ALEXANDER, HANNIBAL, CAESAR, AND THE GENIUS OF LEADERSHIP

Strauss sharpens our image of three brilliant commanders and makes military history great fun.

Military historian Strauss (The Spartacus War, 2009, etc.) cleverly exposes the characters of three legendary leaders through the five stages of war: attack, resistance, clash, closing the net and knowing when to stop.

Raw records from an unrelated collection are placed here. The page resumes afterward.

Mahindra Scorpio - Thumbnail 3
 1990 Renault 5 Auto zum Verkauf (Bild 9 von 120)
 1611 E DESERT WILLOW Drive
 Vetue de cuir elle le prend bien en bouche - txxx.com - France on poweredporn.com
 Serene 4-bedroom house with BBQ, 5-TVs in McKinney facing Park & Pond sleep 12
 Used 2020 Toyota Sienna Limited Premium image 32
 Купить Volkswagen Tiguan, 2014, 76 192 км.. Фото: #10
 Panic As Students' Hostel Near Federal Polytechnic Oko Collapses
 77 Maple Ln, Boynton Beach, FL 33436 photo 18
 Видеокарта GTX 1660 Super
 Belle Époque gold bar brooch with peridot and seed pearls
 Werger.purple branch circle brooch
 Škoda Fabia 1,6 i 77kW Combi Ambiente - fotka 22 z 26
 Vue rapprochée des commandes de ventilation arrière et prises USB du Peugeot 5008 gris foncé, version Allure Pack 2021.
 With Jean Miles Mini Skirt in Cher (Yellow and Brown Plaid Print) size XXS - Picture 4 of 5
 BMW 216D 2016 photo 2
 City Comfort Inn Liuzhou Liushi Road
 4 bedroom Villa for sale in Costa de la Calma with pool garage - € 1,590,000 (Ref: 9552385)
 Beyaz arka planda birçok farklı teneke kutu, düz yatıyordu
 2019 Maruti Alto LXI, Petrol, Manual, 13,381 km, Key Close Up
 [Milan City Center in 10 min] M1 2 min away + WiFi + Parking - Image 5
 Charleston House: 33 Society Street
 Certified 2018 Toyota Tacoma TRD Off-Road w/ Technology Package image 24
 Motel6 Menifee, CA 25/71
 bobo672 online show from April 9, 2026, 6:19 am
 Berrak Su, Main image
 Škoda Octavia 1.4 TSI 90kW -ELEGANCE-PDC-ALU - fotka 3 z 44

The author effortlessly compares their histories side by side, describing battles with both comprehensiveness and simplicity. Their core armies were seasoned professionals who knew their commanders were the best and devoted themselves to serving them. Even so, Alexander and Caesar suffered multiple mutinies, ruthlessly crushed; Hannibal’s men stuck with him without a whimper for nearly two decades. Fortune was with them as well. They controlled the battlefield with the ability to read their enemy’s tactics, and while they were often outnumbered, their opponents’ armies consisted of raw recruits who had to face battle-hardened troops. The men who opposed them did not hold absolute authority over their armies, but had to answer to higher powers. Alexander’s dismissal of his fleet was almost his undoing, but he was saved by the sudden death of the Persian general and Darius ending his naval offensive. Fabius’ scorched-earth policy effectively put off Hannibal’s attacks until the Senate replaced him, and the generals who opposed Hannibal at Cannae had to alternate days of authority. Pompey believed he could conquer Caesar by wearing his army out with lack of food and fodder. The Senate thought otherwise, and Pompey finally acquiesced to their demands for a final battle at Pharsalus. All three of these men had colossal egos; each thrived in war and made it look easy. They were military geniuses who swept dramatically into enemy territory, but they succumbed to vanity, didn’t know when to quit and occasionally overreached—but they were conquerors, and conquerors are not known for moderation.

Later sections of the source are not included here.